L’anthropologue Houari Touati répond à la question du président Emmanuel Macron sur l’existence d’une nation en Algérie avant l’arrivée des Français.

Publié le 24 octobre 2021 à 09h00 Temps de Lecture 7 min.

Une statue de l’émir Abdelkader, à Alger, en janvier 2021. RYAD KRAMDI / AFP

Tribune. « Est-ce qu’il y avait une nation algérienne avant la colonisation française ? » Nombreux sont les témoignages historiques qui répondent positivement à cette fausse question – au sens rhétorique du terme – posée par le président Emmanuel Macron et héritée du temps de la colonisation triomphante de la France. Sans encombrer le propos, il est possible de s’en tenir à quelques exemples.

L’un d’eux a pour cadre les environs de Tlemcen, dans le nord-est de l’actuelle Algérie. Au début du XVIIe siècle, un saint local était si attaché à son terroir, rapporte un de ses disciples, qu’il avait coutume de dire à celui qui voulait partir : « Reste où tu es ! Les maux de ce siècle ont envahi le monde. Quant à moi, je préfère mourir entre deux palmiers nains dans ma patrie [waṭan] plutôt que de mourir dans les patries des autres, d’autant que notre pays est le meilleur de tous, bien que lui aussi ait ses infidèles. » Le disciple utilise comme équivalents de « notre patrie » les expressions « notre Maghreb », « notre terre », « notre pays ».

Un contemporain qui habitait à Constantine appelle lui aussi « Maghreb » cette partie occidentale du pays dont Tlemcen fut la capitale au Moyen Age.
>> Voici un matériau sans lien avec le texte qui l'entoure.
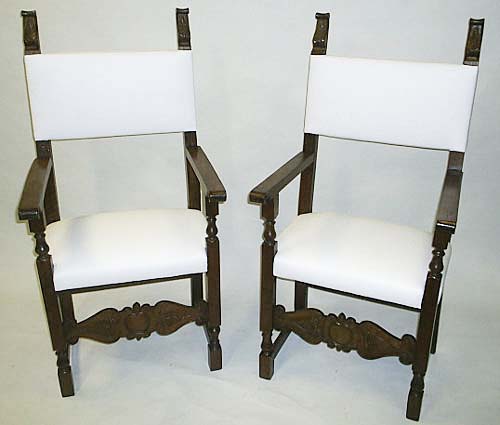 french antique Pair of Renaissance Tuscan Armchairs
Mais il le distingue de son pays, le Constantinois, qui continuait comme dans le passé de s’identifier à l’Ifrīqiyā, c’est-à-dire l’actuelle Tunisie.

A la même époque, un document administratif daté de 1632 parle du « waṭan al-Jazā’ir » et de « sa frontière bien connue avec le waṭan de Tunis ». Mais le même document fait mention du « waṭan de Bône » (Annaba), du « waṭan d’Ulād Manṣūr » (région de M’Sila) et même du « waṭan du Tell » (nord de l’Algérie)… Un siècle plus tard, la notion de « patrie » demeure toujours aussi flottante sémantiquement sous la plume du voyageur kabyle al-Warthilānī, qui, lorsqu’il dit « notre waṭan » (ou « notre pays »), désigne tantôt sa tribu, tantôt la Kabylie, tantôt l’Algérie.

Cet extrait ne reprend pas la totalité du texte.